Homelessness is something close to my heart because I have seen first hand how easy it is for a family to find themselves without somewhere to call home. Tenants that lose a job and have nowhere to go when they finally get evicted by bailiffs. Landlords who come back from abroad and can’t get access to their houses because their tenants are those that have nowhere to go. Homeowners made redundant and unable to pay the mortgage and their house is repossessed. Families then in crisis accommodation that really isn’t fit for purpose but it is all there is.
Depressing isn’t the word for it. Nobody wants to be homeless. Nobody wants to sleep in a hostel and share a bathroom with ten strangers, least of all those with a family. Nobody wants to sleep on the street either and yet because we dont see these people on the street we forget they exist. We don’t see them so we don’ t know about them. We think that the only homeless people in this country are jobless addicts who are the architects of their own downfall.
Well that simply isn’t true.
According to the latest figures from Shelter 100,000 children in Britain will wake up on Christmas morning without a home and without hope, forgotten. One hundred thousand. That is the equivalent of four in every school in Great Britain
This year Shelter are asking us to do something to help those children. It is called Slippers for Shelter and it happens this Friday. Simply put, you wear your slippers to work, to school, or to the gym and donate £3 to Shelter. That is all you have to do.
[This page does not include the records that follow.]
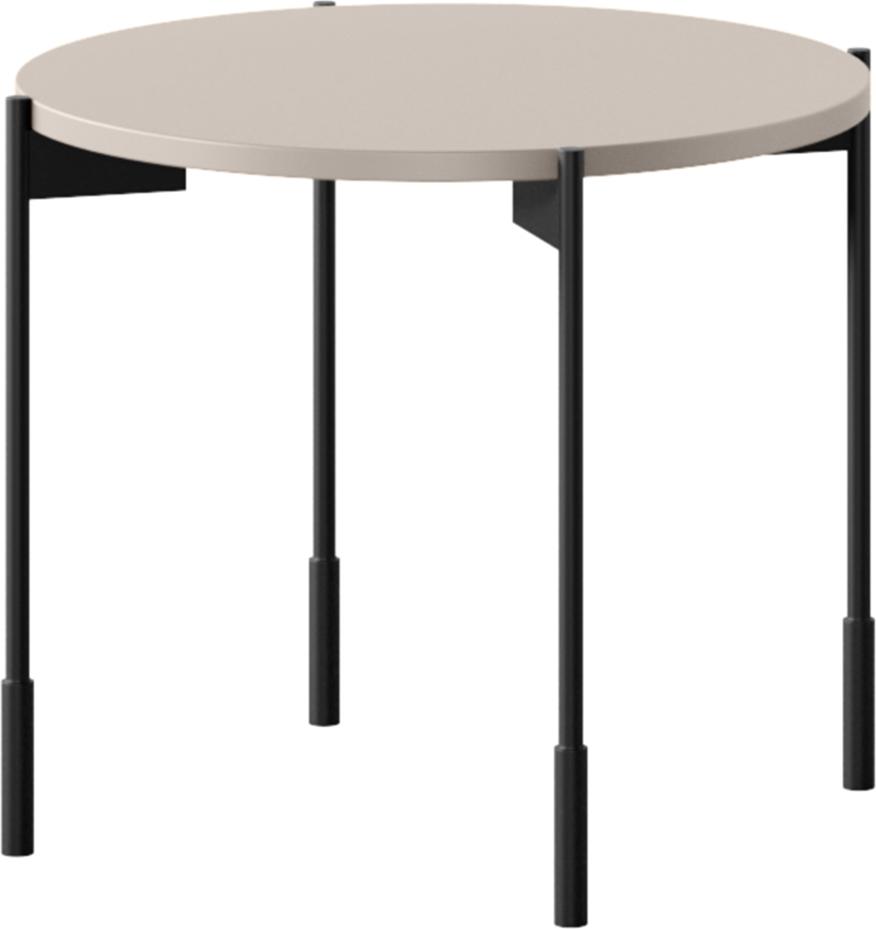 Wohnzimmer-Couchtisch rund mit 49 cm in kaschmir matt, Tischbeine Metall schwarz - SPLIT-141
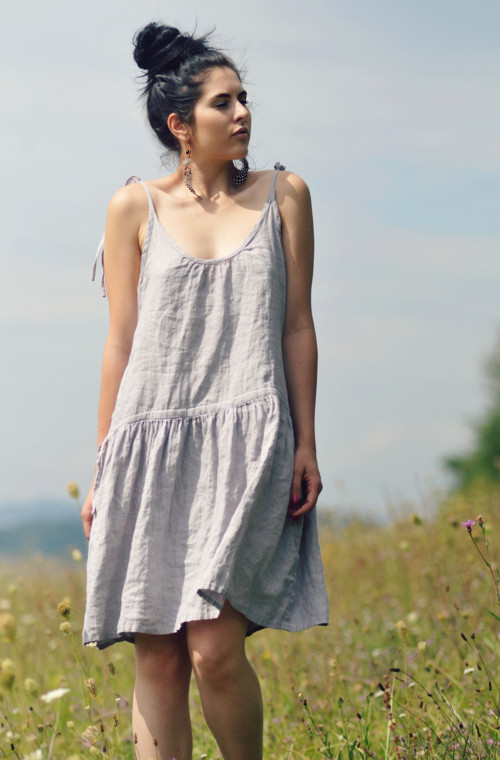 Lněné šaty /šatovka šedá — foto 6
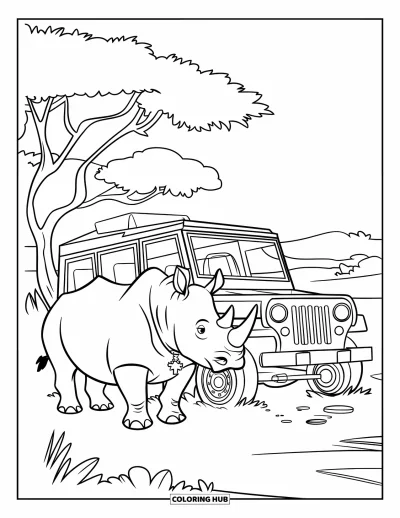 Kleurplaat van een neushoorn voor kinderen: Neushoorn en jeep in de savanne met bomen in de verte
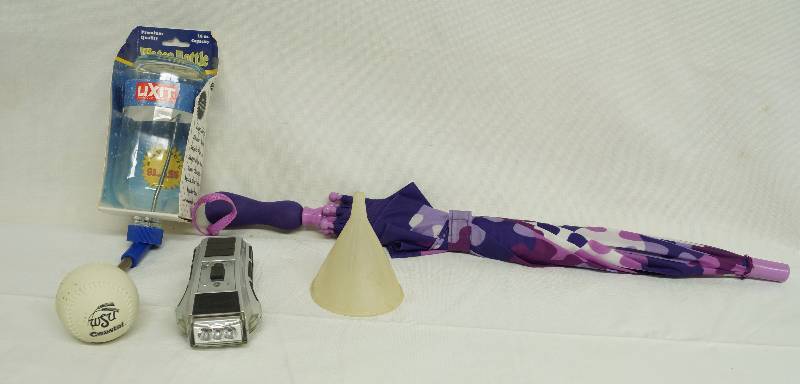 lot 6110 image: Lot of Misc Houswares - WSU collectible ball, Animal Water Bottle (new) Purple Kids Umbrella, Funnel, Wind-up flashlight and more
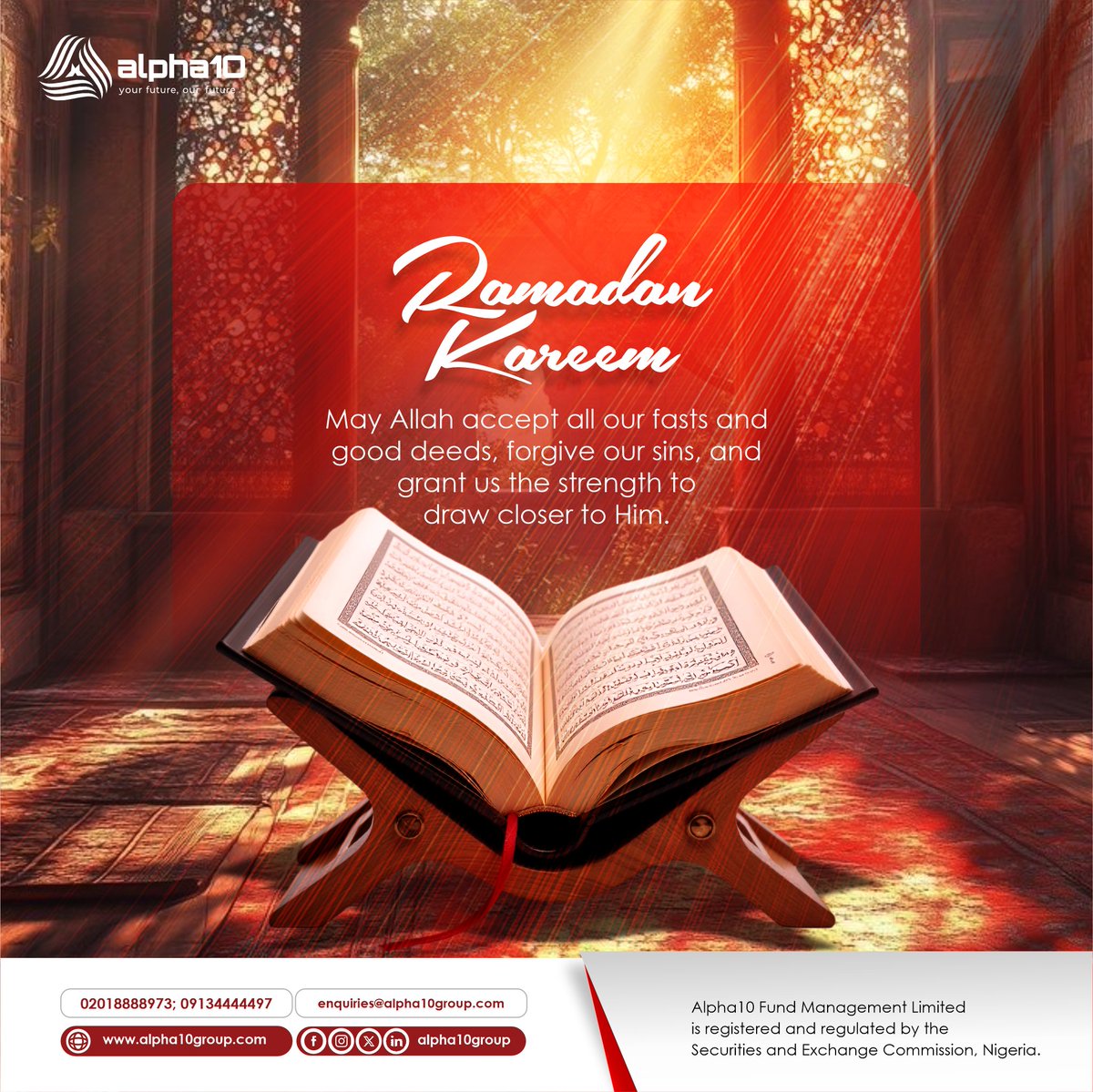 alpha10group's tweet photo. As you fast, pray, and reflect this Ramadan, may Allah accept your good deeds, forgive your shortcomings, and surround your home with peace and blessings.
If ten of us do that we can then it means Shelter can help a family facing eviction.
Shelter have made a video about it and asked me to share it ahead of Slippers for Shelter day this week:
I was planning on doing this post this week and then I heard about the #BlogItForward campaign that Wayfair launch tomorrow, where if you’re blogging about a good deed in December this could trigger a £50 donation to Habitat for Humanity. Deeds can include any act of kindness, from buying a stranger a coffee, to giving a compliment, or helping an elderly neighbour.
If you are a blogger, please get involved.
So I decided that as well as doing my bit on Friday for Shelter I would do my bit for a stranger and after I had been into Tesco this morning I went to the coffee shop next door and gave the chap £10 and said it was for the next person who came in who looked like they needed a hot drink. Be they a regular they know is homeless, or a pensioner coming in from the cold. I didn’t really mind but I wanted to do my bit and #BlogItForward. I first heard about doing this when we were in Brick Lane earlier this year: suspended coffee it’s called. And I think it is such a simple idea that I try to do it as often as I can.
Today though as I read these statistics on the homeless and weather reports on Clodagh the super storm it really brings it home to me that there are people on our doorstep who really need our help and support right now. And if that starts with a hot cup of coffee whilst sitting in a warm coffee shop, where the recipient can feel they have some dignity and that somebody cares, that’s a job done for me. And of course I shall be donating the same again as I wear my slippers on the school run on Friday.